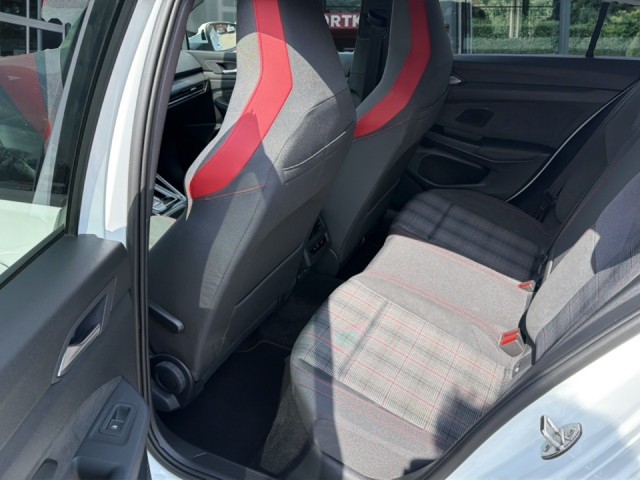 VOLKSWAGEN GOLF 2.0 TSI GTI PANO-DAK/HARMAN-KARDON/PDC/HUD/ACC/Q/STOEL+STUURVERW, Vortkamp Enschede, Enschede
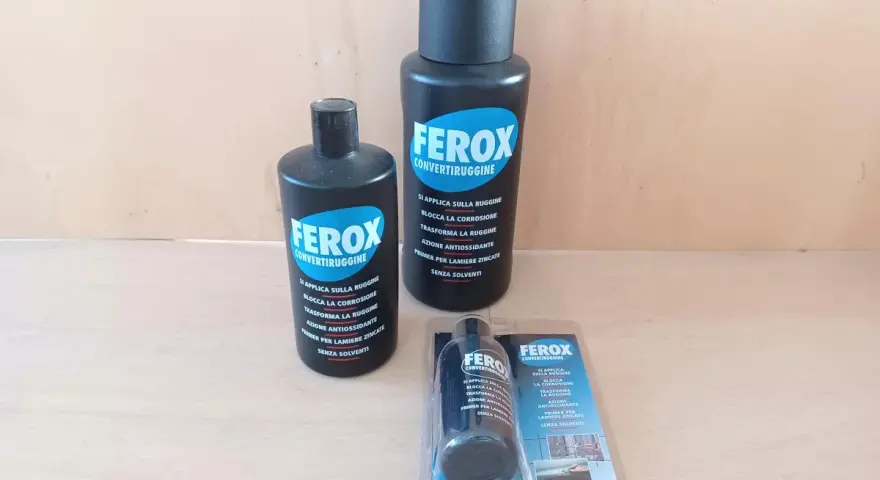 Flaconi e blister di Ferox convertruggine, prodotto che si usa per bloccare la corrosione e trasformare la ruggine.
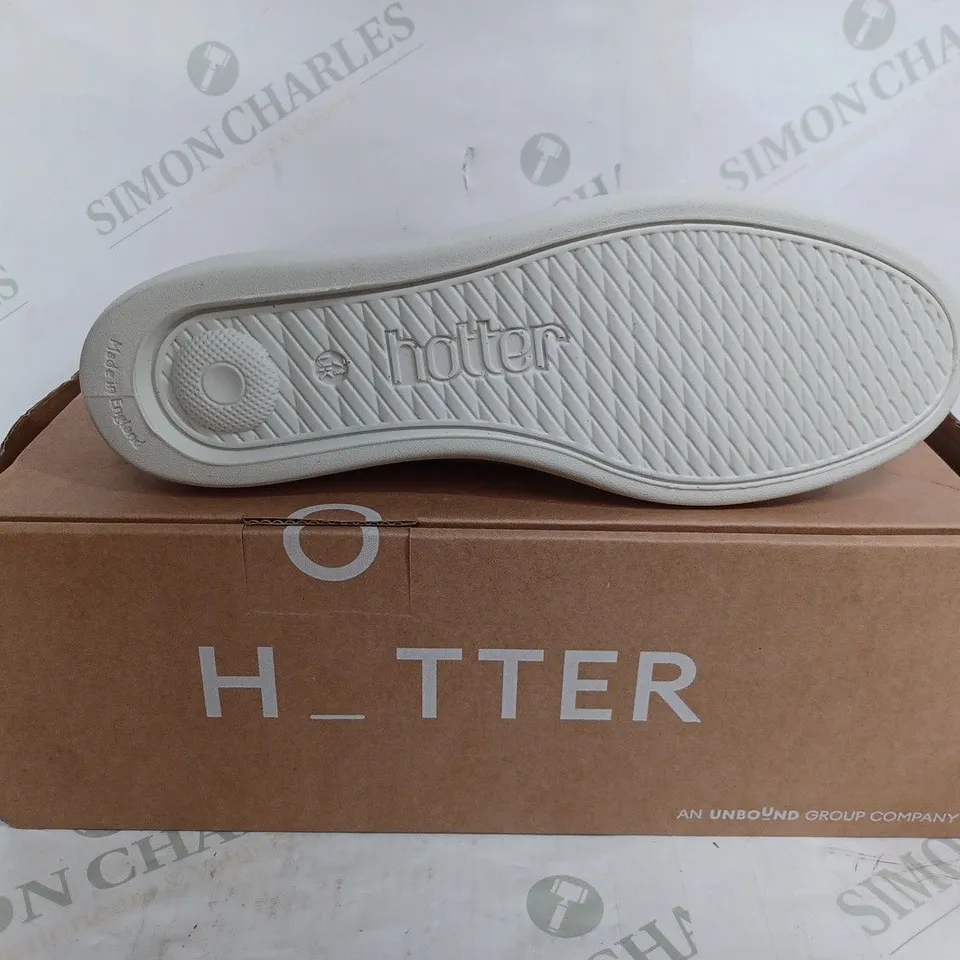 HOTTER CHASE II WIDE IN PINK TRAINER - UK 7.5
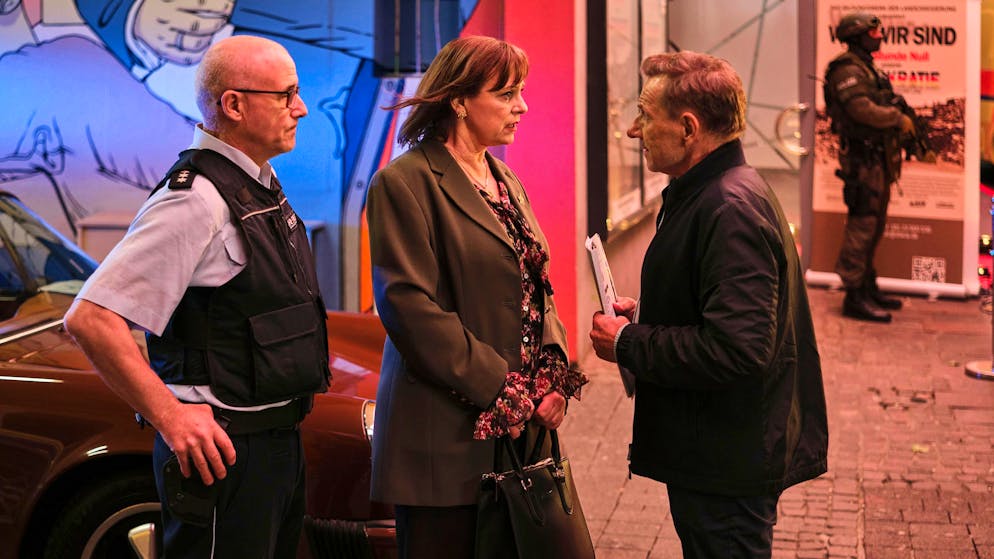 Gab es Geiselnahmen durch Rechtsextreme in der Schweiz?. Anwältin Milagros von Wellersdorf (Heike Hanold-Lynch) vertritt die Häftlinge, deren Freilassung erpresst werden soll. Thorsten Lannert (Richy Müller) hofft trotzdem auf ihre Mitarbeit.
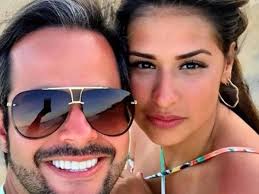 Check spelling or type a new query. Marido Mostra Simone Gravida De 9 Meses E Ela Reclama To Ridicula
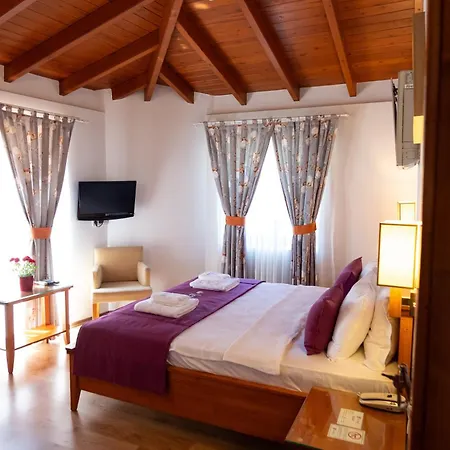 Leylak Hotel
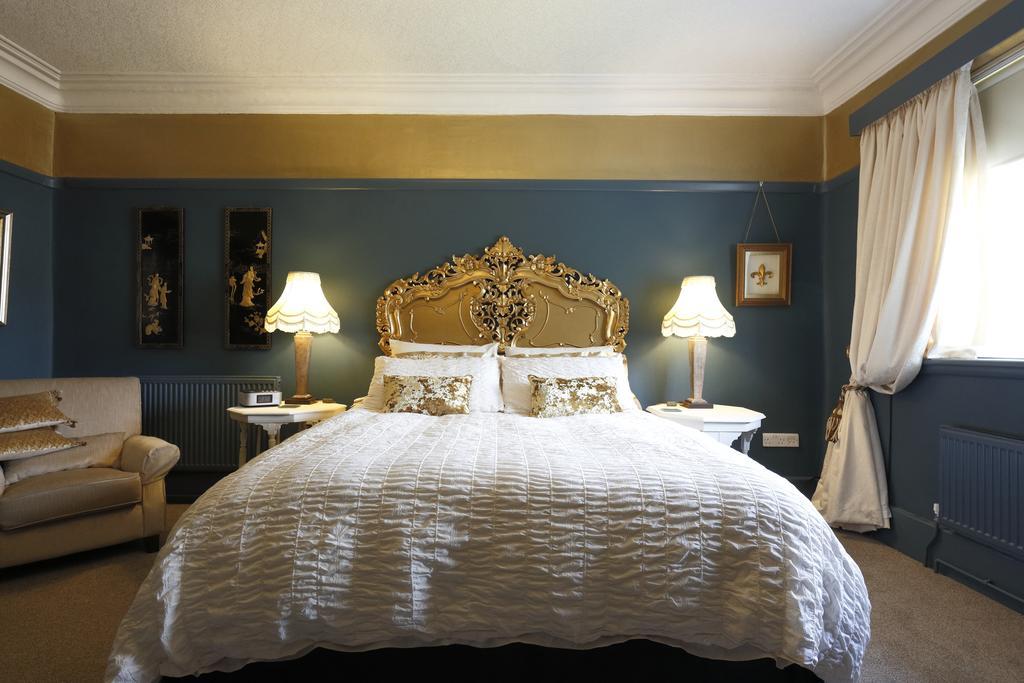 Bed and Breakfast Gellihaf House à Blackwood  Extérieur photo
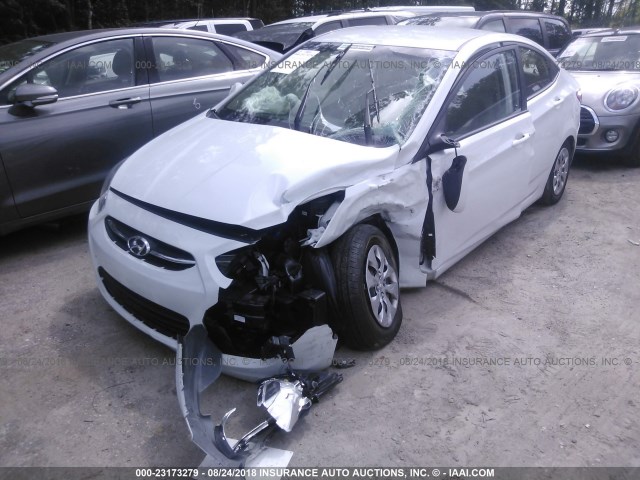 KMHCT4AE1HU368158 - 2017 HYUNDAI ACCENT SE WHITE photo 2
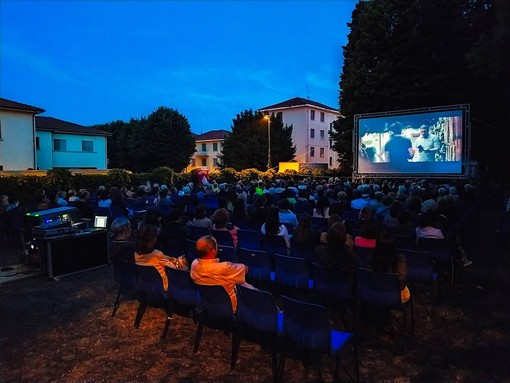 Il cinema torna in piazza da stasera con 20 appuntamenti
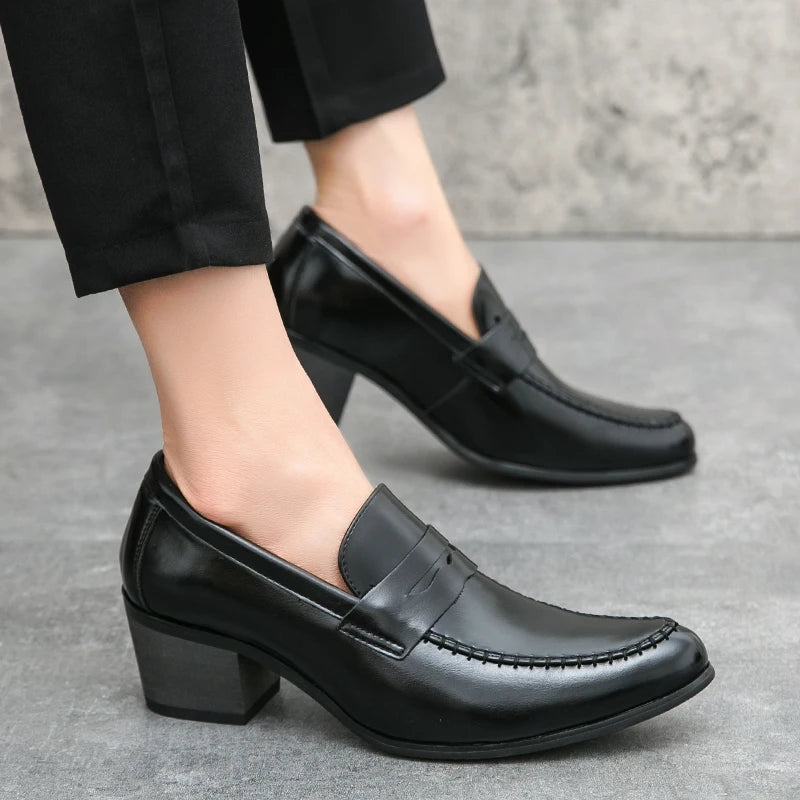 Chaussures habillées rétro à talons hauts pour homme, marque de luxe, chaussures de mariage pointues pour marié, chaussures de ville décontractées en cuir pour homme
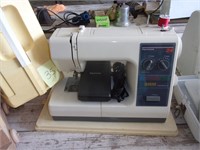 Kenmore sewing machine w/ case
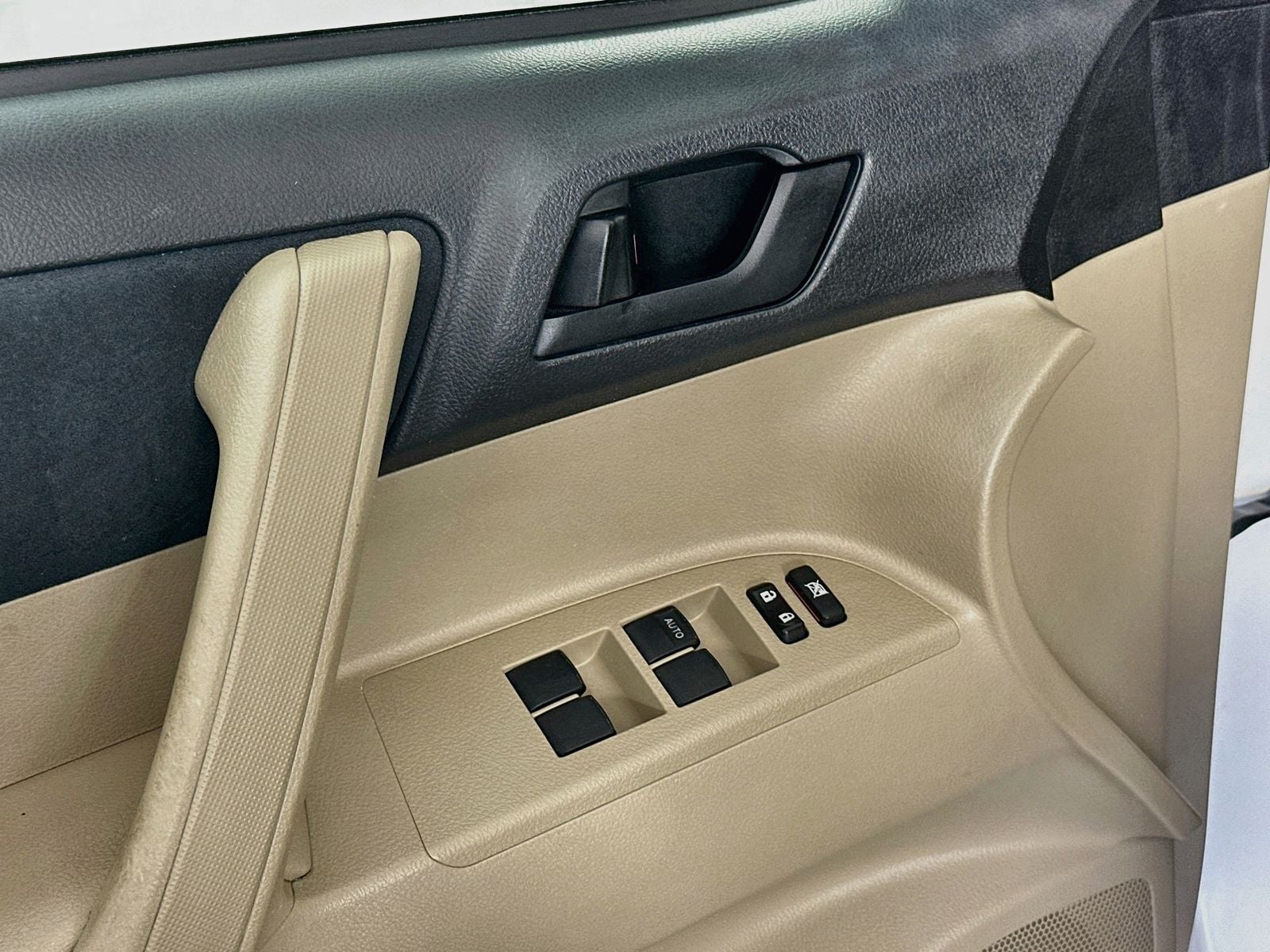 2013 Toyota Highlander Base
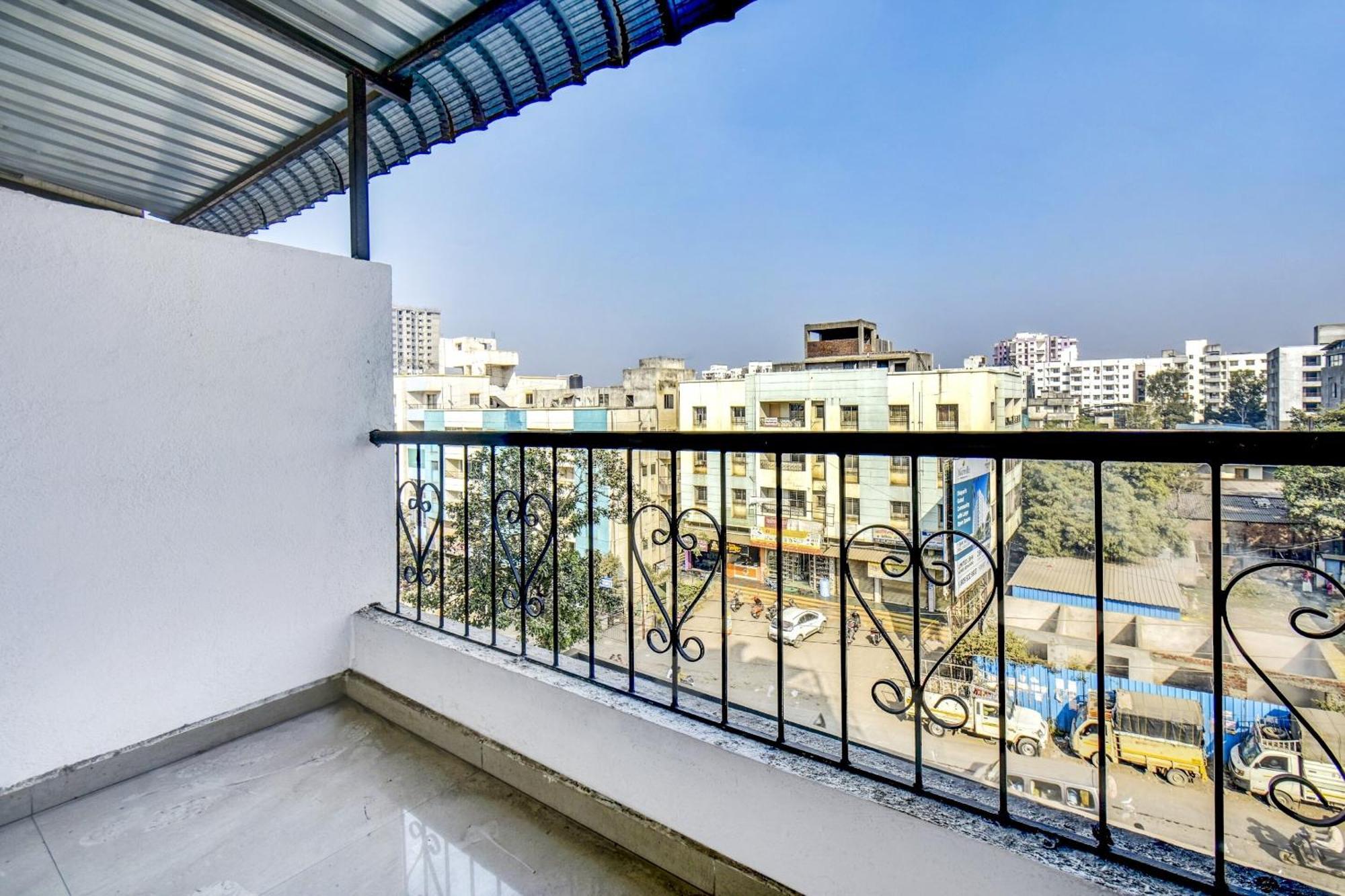 Townhouse Oak Hotel Chaitanya Executive Near Fun Time Multiplex Pune Exterior foto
========================================================================
* [What you have to do]: Say again, exactly, only those lines of the records that run from the start through the line with "2013 Toyota Highlander Base". Pictures are to be skipped.

* [Reply to the exercise]:
 VOLKSWAGEN GOLF 2.0 TSI GTI PANO-DAK/HARMAN-KARDON/PDC/HUD/ACC/Q/STOEL+STUURVERW, Vortkamp Enschede, Enschede
 Flaconi e blister di Ferox convertruggine, prodotto che si usa per bloccare la corrosione e trasformare la ruggine.
 HOTTER CHASE II WIDE IN PINK TRAINER - UK 7.5
 Gab es Geiselnahmen durch Rechtsextreme in der Schweiz?. Anwältin Milagros von Wellersdorf (Heike Hanold-Lynch) vertritt die Häftlinge, deren Freilassung erpresst werden soll. Thorsten Lannert (Richy Müller) hofft trotzdem auf ihre Mitarbeit.
 Check spelling or type a new query. Marido Mostra Simone Gravida De 9 Meses E Ela Reclama To Ridicula
 Leylak Hotel
 Bed and Breakfast Gellihaf House à Blackwood  Extérieur photo
 KMHCT4AE1HU368158 - 2017 HYUNDAI ACCENT SE WHITE photo 2
 Il cinema torna in piazza da stasera con 20 appuntamenti
 Chaussures habillées rétro à talons hauts pour homme, marque de luxe, chaussures de mariage pointues pour marié, chaussures de ville décontractées en cuir pour homme
 Kenmore sewing machine w/ case
 2013 Toyota Highlander Base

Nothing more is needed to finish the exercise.